The driver is validated on live AKD1000 hardware: 80 NPUs discovered via VFIO BAR registers, 10 MB SRAM mapped, inference at 18,500 Hz / 54 µs / 1.4 µJ. Production deployment: 5,978 live calls over 24 hours in lattice QCD simulation ( hotSpring Experiment 022).
1. Why a Pure Rust Driver Exists
The vendor stack has three problems for sovereign compute:
| Problem | Vendor stack | rustChip |
|---|---|---|
| Inspectability | Closed C++ engine, Python wrappers, opaque .fbz format | All source visible, FBZ format documented, FlatBuffer schema extracted |
| Dependencies | Python 3.8+, TensorFlow, MetaTF, kernel module (GPL-2.0 C) | Rust only. cargo build on any Linux with IOMMU |
| Licensing | Proprietary SDK license | scyBorg triple: AGPL (code) + CC-BY-SA (docs) + ORC (game mechanics) |
The scyBorg exception protocol includes a standing offer of license diplomacy: hardware partners contribute silicon access or documentation, and receive linking exceptions in return. This is not adversarial — it is symbiotic.
2. The FBZ Binary Format
Akida model files use the .fbz extension. The format is undocumented.
Structure
┌─────────────────────────┐
│ varint: payload length │ (protobuf-style LEB128)

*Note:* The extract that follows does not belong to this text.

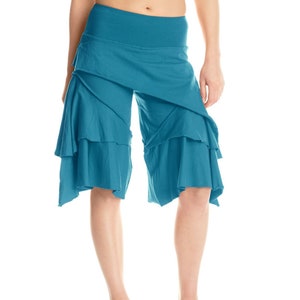 Layered Stretchy Cotton  Festival Shorts: Asymmetrical Pixie Clothing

├─────────────────────────┤
│ Snappy-compressed │
│ FlatBuffer payload │
│ (program_info + │
│ program_data) │
├─────────────────────────┤
│ zero padding │ (0x00 bytes to alignment boundary)
└─────────────────────────┘The Zero-Padding Problem
Standard Snappy decompression fails on .fbz files. The Snappy stream is followed by zero bytes that the decoder interprets as literal chunk headers, causing buffer overflow errors.

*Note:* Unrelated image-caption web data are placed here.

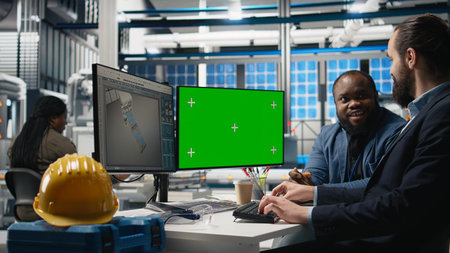 Solar panels inspection group review data on pc next to green screen, finding errors during a...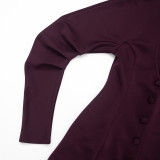 Women Spring Solid Casual Ruched Long Sleeve Dress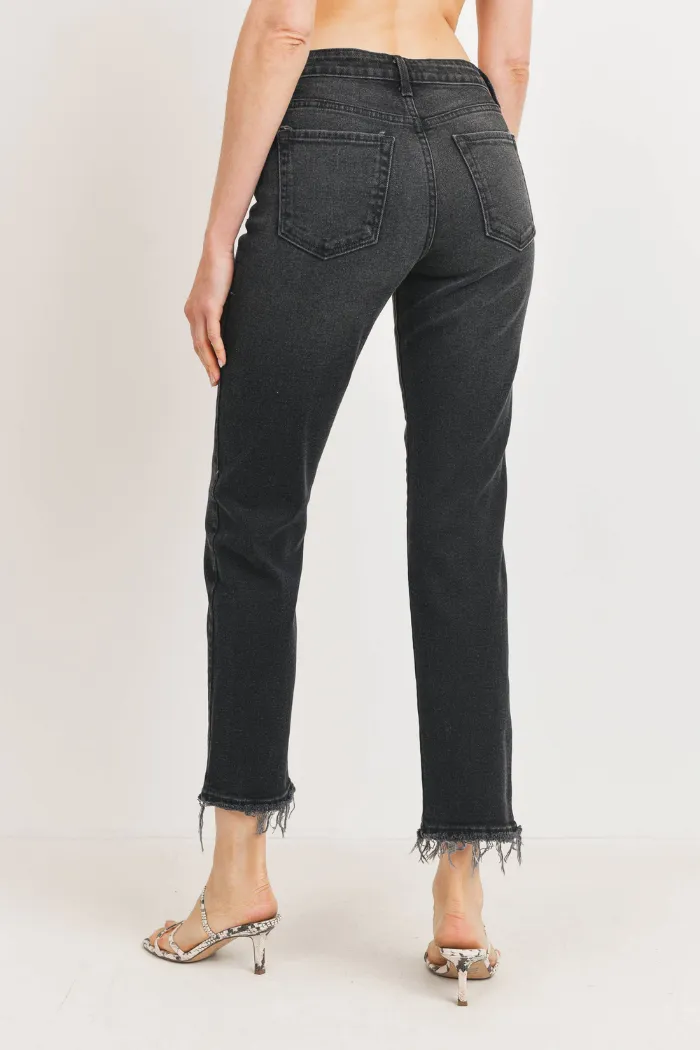 Clean High Rise Straight Leg Denim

Discovery method: Hexdump analysis of model zoo files showed consistent patterns: valid Snappy chunks followed by runs of 0x00 bytes to the next alignment boundary.

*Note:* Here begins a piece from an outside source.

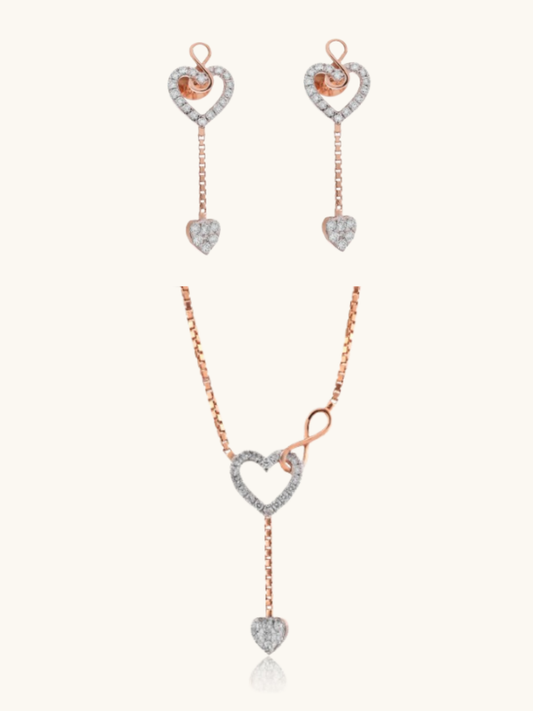 Stunning 18kt gold diamond necklace & earrings—affordable fine jewellery with minimal aesthetics.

Solution: Linear probe from the last non-zero byte. Starting at last_nonzero + 1, try progressively shorter slices (up to 8 bytes of backtracking). The first slice that decompresses successfully is the true Snappy stream boundary.
fn decompress_fbz(data: &[u8]) -> Result<Vec<u8>> {
let last_nz = data.iter().rposition(|&b| b != 0).unwrap_or(0);
for end in (last_nz.saturating_sub(7)..=last_nz + 1).rev() {
if let Ok(out) = snap::raw::Decoder::new().decompress_vec(&data[..end]) {
return Ok(out);
}
}
Err(Error::DecompressionFailed)
}FlatBuffer Payload
Once decompressed, the payload is a standard FlatBuffer containing:
program_info: layer graph, NP assignments, input/output shapesprogram_data: quantized weights, bias terms, threshold SRAM layouts
The ProgramBuilder in akida-models can construct these from scratch, enabling model creation without the vendor’s MetaTF/QuantizeML toolchain.
3. VFIO Passthrough Architecture
The VFIO backend provides full hardware access without a kernel module.
Container / Group / Device
/dev/vfio/vfio ← container (IOMMU context)
└── /dev/vfio/92 ← group (IOMMU group for AKD1000)
└── device fd ← bound PCI device (0000:e2:00.0)
├── BAR0 ← control registers (NP count, SRAM size, mesh topology)
└── BAR1 ← SRAM (10 MB mapped, weights + activations)The Ioctl Fix
The initial VFIO implementation failed with ENOTTY (“Inappropriate ioctl for device”) when mapping BAR regions. Root cause: the VFIO_DEVICE_GET_REGION_INFO constant was hardcoded as 0xc018_3b68, which encodes _IOWR(';', 104, ...). The Linux kernel expects _IO(';', 108) — command number 108, not 104, and simple _IO encoding, not _IOWR with size.
Fix:
// Before (incorrect — encodes _IOWR with wrong command number)
const VFIO_DEVICE_GET_REGION_INFO: c_ulong = 0xc018_3b68;
// After (correct — _IO(';', VFIO_BASE + 8) = _IO(0x3b, 108))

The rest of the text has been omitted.